*** DATA ***

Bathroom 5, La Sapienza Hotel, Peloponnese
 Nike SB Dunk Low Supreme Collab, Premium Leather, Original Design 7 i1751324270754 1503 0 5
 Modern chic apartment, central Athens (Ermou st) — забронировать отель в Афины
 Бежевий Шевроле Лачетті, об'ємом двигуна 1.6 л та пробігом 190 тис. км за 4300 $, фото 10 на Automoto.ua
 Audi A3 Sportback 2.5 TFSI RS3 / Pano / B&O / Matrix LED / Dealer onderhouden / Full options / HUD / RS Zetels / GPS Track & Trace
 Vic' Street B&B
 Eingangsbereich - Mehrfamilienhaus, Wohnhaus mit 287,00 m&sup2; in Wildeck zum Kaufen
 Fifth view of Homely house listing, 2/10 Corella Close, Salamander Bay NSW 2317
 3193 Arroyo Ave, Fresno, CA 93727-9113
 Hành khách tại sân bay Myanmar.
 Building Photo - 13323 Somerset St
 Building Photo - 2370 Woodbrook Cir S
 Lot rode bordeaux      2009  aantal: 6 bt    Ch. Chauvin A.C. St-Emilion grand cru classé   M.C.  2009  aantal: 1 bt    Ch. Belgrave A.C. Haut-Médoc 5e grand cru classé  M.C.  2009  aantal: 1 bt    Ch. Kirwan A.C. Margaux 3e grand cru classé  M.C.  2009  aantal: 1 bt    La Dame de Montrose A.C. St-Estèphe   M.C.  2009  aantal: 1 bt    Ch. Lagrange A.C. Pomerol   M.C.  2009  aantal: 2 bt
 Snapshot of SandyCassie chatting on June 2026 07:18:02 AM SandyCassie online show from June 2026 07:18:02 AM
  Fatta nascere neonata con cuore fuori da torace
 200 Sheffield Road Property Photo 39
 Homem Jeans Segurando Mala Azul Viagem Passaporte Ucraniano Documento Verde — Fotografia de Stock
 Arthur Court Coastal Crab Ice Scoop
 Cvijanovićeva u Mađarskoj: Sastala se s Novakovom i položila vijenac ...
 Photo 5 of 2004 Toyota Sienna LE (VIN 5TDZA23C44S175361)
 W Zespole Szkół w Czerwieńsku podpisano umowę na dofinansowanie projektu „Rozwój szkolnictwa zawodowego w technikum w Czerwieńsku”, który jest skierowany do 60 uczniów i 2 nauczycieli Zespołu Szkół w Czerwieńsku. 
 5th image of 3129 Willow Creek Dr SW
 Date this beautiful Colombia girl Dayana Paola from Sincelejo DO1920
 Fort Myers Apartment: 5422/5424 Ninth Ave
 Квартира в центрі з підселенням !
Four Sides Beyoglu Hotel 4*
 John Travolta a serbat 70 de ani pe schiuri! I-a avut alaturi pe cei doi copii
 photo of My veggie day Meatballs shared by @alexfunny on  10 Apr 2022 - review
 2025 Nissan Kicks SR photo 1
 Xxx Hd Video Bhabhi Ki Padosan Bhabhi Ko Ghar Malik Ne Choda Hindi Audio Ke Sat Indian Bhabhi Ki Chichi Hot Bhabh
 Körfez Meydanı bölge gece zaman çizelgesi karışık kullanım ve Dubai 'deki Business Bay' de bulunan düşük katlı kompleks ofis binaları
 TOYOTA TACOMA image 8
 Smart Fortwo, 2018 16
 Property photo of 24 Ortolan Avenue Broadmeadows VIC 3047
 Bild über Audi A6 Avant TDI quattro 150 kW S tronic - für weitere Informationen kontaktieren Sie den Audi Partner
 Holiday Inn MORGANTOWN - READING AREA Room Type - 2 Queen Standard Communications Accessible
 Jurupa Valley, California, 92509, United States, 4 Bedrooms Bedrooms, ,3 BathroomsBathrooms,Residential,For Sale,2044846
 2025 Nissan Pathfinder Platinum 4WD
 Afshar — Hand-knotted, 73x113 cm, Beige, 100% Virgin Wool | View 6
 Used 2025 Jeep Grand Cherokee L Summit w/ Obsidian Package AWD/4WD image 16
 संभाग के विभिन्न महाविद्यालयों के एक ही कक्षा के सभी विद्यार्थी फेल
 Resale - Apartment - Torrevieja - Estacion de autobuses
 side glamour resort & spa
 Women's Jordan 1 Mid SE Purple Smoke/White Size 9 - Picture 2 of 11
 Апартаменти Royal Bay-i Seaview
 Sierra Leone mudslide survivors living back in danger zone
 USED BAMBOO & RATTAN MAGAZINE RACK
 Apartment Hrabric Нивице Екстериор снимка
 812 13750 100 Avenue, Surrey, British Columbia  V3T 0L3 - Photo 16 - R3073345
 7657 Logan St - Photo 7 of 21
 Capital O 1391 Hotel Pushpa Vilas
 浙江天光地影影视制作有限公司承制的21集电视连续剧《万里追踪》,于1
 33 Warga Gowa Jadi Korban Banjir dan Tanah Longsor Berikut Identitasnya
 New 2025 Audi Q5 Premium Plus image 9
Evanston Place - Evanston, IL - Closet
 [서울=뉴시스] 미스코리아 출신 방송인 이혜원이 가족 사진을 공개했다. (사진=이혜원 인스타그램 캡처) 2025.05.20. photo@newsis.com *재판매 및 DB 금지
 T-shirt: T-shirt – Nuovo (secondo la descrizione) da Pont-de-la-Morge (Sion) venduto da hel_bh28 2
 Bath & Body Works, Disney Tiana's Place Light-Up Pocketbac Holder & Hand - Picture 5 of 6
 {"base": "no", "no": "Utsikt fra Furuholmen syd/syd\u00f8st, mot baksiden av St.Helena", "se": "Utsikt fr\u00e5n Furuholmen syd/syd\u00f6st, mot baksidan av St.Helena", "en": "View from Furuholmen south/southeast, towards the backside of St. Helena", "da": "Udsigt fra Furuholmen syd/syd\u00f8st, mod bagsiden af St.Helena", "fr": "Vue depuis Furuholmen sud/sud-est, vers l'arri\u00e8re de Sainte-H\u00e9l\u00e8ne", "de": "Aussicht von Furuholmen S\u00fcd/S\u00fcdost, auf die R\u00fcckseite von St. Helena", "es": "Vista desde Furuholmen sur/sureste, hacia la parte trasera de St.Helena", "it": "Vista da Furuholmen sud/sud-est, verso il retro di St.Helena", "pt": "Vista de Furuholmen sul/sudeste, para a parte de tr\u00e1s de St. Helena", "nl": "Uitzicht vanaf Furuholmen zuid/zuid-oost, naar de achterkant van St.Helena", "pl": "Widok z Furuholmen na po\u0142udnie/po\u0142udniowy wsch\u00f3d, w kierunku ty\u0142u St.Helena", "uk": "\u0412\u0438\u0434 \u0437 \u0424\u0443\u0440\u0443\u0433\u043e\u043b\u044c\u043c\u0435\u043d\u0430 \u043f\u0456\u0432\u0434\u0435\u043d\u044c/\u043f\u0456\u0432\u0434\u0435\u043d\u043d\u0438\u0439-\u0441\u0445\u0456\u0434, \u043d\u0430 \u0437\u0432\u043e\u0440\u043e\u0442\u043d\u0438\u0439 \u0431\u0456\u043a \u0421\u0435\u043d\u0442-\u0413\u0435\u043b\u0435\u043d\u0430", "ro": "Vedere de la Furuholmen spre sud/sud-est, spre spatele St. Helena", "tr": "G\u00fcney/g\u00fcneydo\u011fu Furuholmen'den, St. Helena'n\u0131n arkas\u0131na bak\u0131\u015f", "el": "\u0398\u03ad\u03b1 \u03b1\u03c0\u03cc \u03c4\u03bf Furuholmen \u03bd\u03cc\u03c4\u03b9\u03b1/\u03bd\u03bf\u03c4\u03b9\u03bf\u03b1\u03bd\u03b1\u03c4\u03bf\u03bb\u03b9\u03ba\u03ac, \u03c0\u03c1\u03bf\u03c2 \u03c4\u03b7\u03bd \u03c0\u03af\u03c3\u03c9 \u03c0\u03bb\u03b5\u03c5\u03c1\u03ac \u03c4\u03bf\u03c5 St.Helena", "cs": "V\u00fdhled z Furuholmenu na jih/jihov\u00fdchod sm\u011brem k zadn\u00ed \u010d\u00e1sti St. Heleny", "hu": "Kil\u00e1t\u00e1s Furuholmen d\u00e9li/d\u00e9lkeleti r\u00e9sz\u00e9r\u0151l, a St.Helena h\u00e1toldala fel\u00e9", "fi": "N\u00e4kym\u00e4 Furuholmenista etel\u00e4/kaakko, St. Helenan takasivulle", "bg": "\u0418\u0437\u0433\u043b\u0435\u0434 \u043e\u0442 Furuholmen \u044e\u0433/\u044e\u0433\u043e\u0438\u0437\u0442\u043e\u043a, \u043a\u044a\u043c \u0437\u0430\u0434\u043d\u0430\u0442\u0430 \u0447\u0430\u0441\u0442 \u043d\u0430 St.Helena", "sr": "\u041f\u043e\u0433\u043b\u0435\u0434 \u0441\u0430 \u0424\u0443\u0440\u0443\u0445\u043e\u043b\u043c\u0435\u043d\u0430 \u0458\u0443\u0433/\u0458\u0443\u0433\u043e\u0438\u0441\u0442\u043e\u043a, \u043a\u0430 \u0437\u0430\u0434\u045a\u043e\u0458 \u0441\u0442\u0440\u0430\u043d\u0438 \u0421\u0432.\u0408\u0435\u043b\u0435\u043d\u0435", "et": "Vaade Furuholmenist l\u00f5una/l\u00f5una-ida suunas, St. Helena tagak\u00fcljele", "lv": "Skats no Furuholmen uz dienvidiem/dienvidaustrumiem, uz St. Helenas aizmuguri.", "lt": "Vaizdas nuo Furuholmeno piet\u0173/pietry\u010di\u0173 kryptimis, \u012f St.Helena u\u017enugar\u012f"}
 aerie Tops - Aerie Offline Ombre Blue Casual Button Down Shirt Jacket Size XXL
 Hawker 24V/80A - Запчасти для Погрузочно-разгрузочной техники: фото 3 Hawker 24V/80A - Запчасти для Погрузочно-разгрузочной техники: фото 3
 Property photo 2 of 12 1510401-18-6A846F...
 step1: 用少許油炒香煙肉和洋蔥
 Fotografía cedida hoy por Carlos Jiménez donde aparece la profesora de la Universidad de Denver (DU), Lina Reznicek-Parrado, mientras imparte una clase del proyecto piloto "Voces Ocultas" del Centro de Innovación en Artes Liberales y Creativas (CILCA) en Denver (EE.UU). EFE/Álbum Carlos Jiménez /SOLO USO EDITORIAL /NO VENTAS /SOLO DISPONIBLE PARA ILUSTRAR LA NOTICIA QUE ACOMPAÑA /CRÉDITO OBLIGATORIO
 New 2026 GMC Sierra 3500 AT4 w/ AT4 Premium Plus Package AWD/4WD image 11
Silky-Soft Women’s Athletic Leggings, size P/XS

*** End of DATA ***

→ REQUIRED ACTION
Within the material above, find the lines that contain the word "Property"; copy them.

→ ANSWER SPACE
 200 Sheffield Road Property Photo 39
 Property photo of 24 Ortolan Avenue Broadmeadows VIC 3047
 Property photo 2 of 12 1510401-18-6A846F...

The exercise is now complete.